Record extracts section start
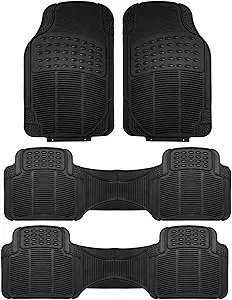 FH Group Heavy Duty Universal Rubber Floor Mats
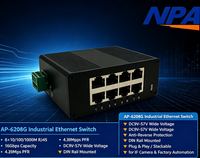 ODM/OEM Switch Ethernet Industri Gigabit 8-Port yang Dipasang di Rel DIN Switch Jaringan Industri 16Gbps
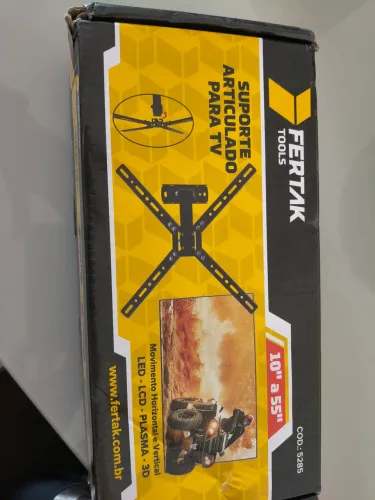 ? Suporte Articulado para TV Fertak Tools 10" a 55" - Novo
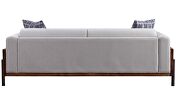 Gray fabric & walnut wood exclusive design sofa by Acme additional picture 5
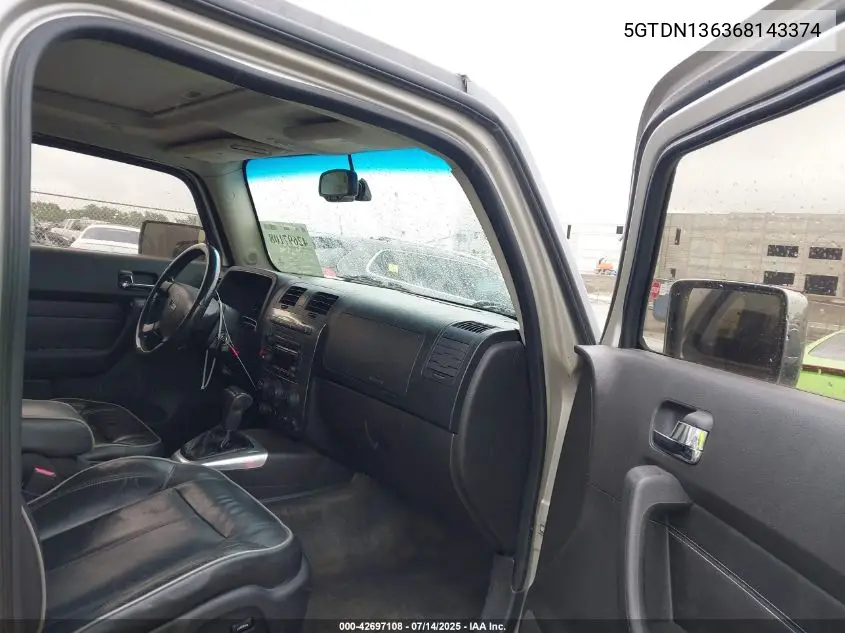 2006 Hummer H3 Suv VIN: 5GTDN136368143374 Lot: 42697108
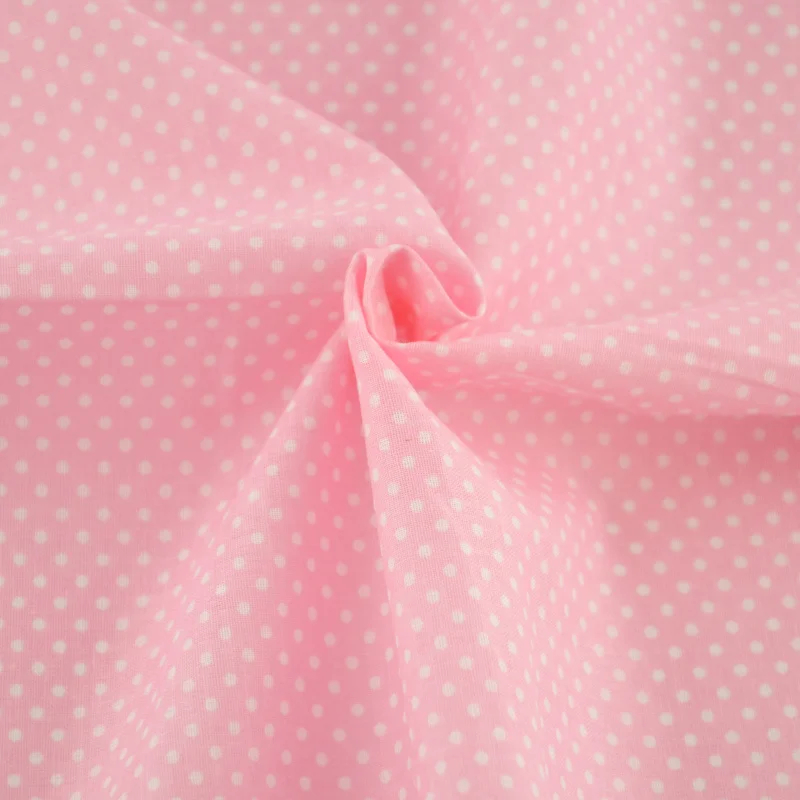 1 Piece White Dot Designs Fat Quarter Sewing Printed Cotton Fabric Plain for Doll's Clothes Crafts Scrapbooking Patchwork | Дом и сад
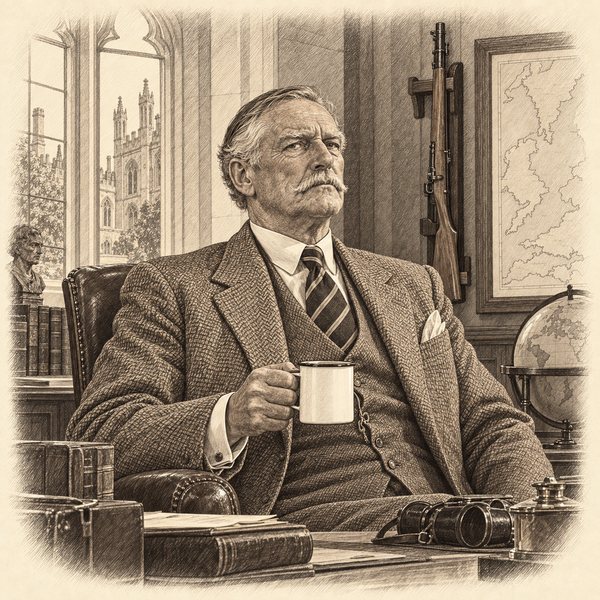Portrait: Major (Retd.) Alistair B. F. MacTavish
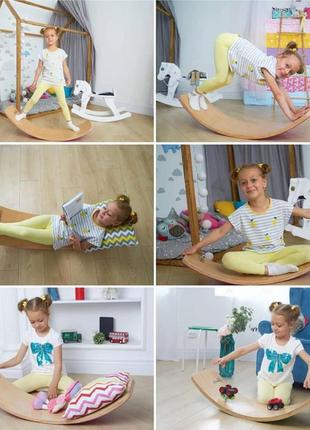 З захистом для пальців рокерборд swaeyboard балансборд балансир розвиваюча іграшка дошка дитяча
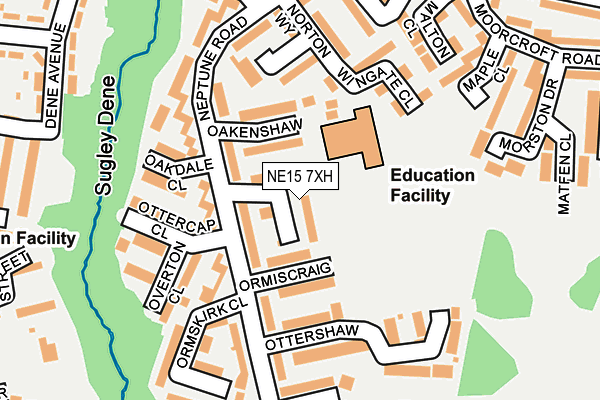 NE15 7XH map - OS OpenMap – Local (Ordnance Survey) NE15 7XH map - OS OpenMap – Local (Ordnance Survey)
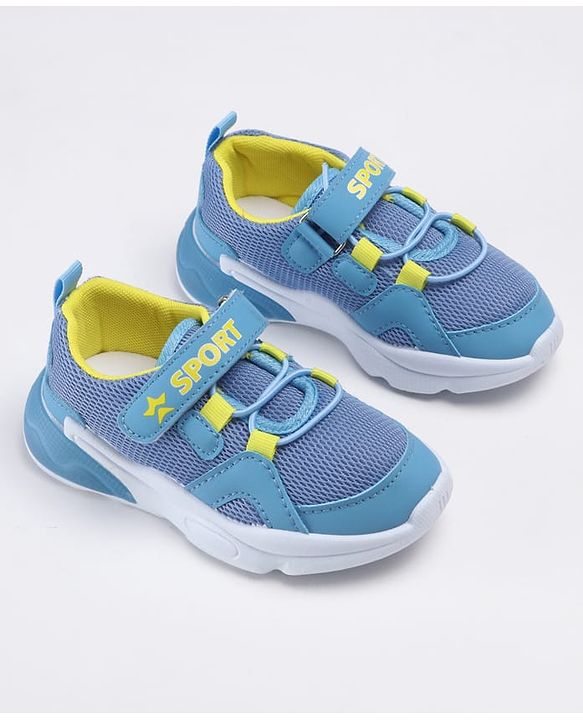 Cute Walk by Babyhug Velcro Closure Solid Sneakers - Blue
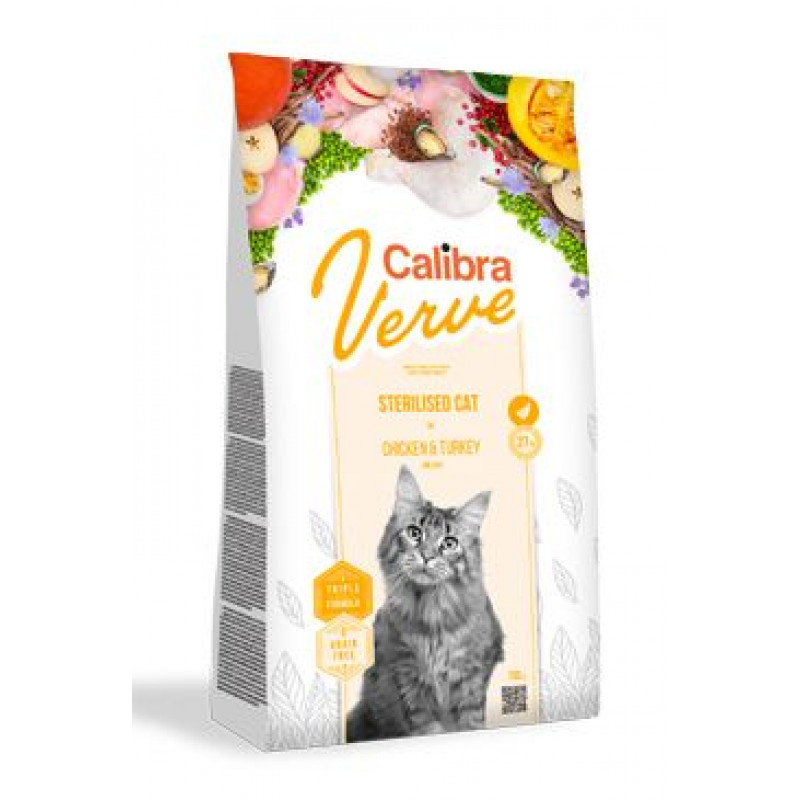 Calibra Cat Verve GF Sterilised Chicken&Turkey  3,5kg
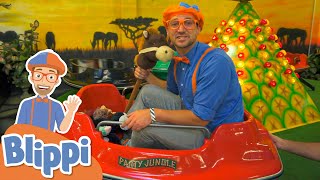 Blippi Visits Party Jungle And Learns About Animals! | Educational Videos For Kids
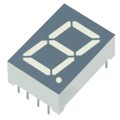 XDUR13C - DISPLAY 7SEG 0.52" SGL RED 10DIP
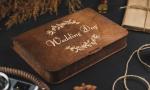 wooden box Personalized wedding box as a gift A box with laser engraving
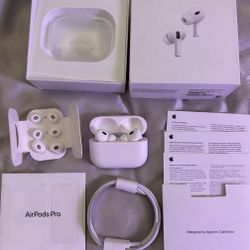 Apple AirPods Pro 2nd Generation with MagSafe Wireless Charging Case - White
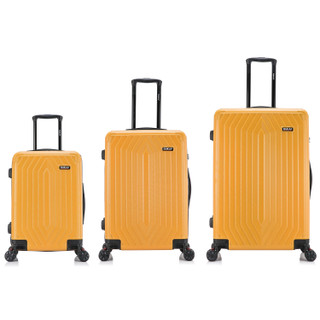 Thumbnail 2: DUKAP DUKAP Stratos Hardside Lightweight Spinner 3 pc Luggage Set 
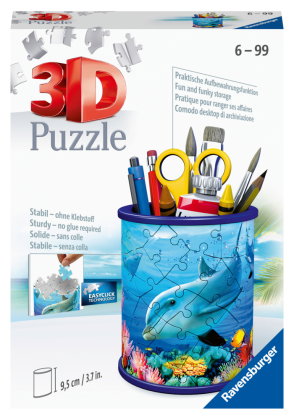 3D Puzzle Stiftehalter Unterwasserwelt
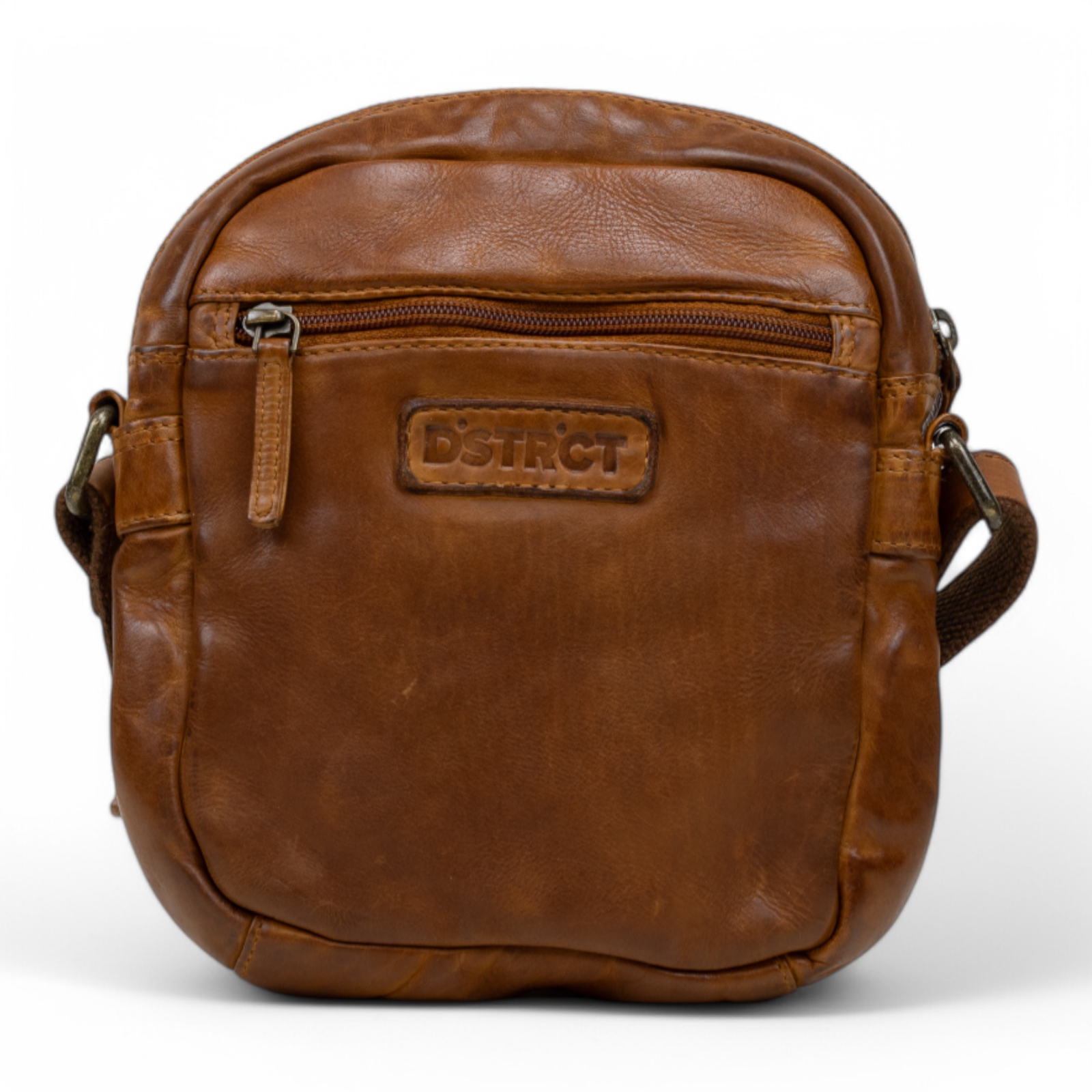 DSTRCT Leather Bag Harrington Road Crossover Cognac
Record extracts section end
Pictures are skipped here. Print exactly, and only, the lines from the one holding "Calibra Cat Verve" through the final line of the material above, both ends included.

 Calibra Cat Verve GF Sterilised Chicken&Turkey  3,5kg
 Blippi Visits Party Jungle And Learns About Animals! | Educational Videos For Kids
 XDUR13C - DISPLAY 7SEG 0.52" SGL RED 10DIP
 wooden box Personalized wedding box as a gift A box with laser engraving
 Apple AirPods Pro 2nd Generation with MagSafe Wireless Charging Case - White
 Thumbnail 2: DUKAP DUKAP Stratos Hardside Lightweight Spinner 3 pc Luggage Set 
 3D Puzzle Stiftehalter Unterwasserwelt
 DSTRCT Leather Bag Harrington Road Crossover Cognac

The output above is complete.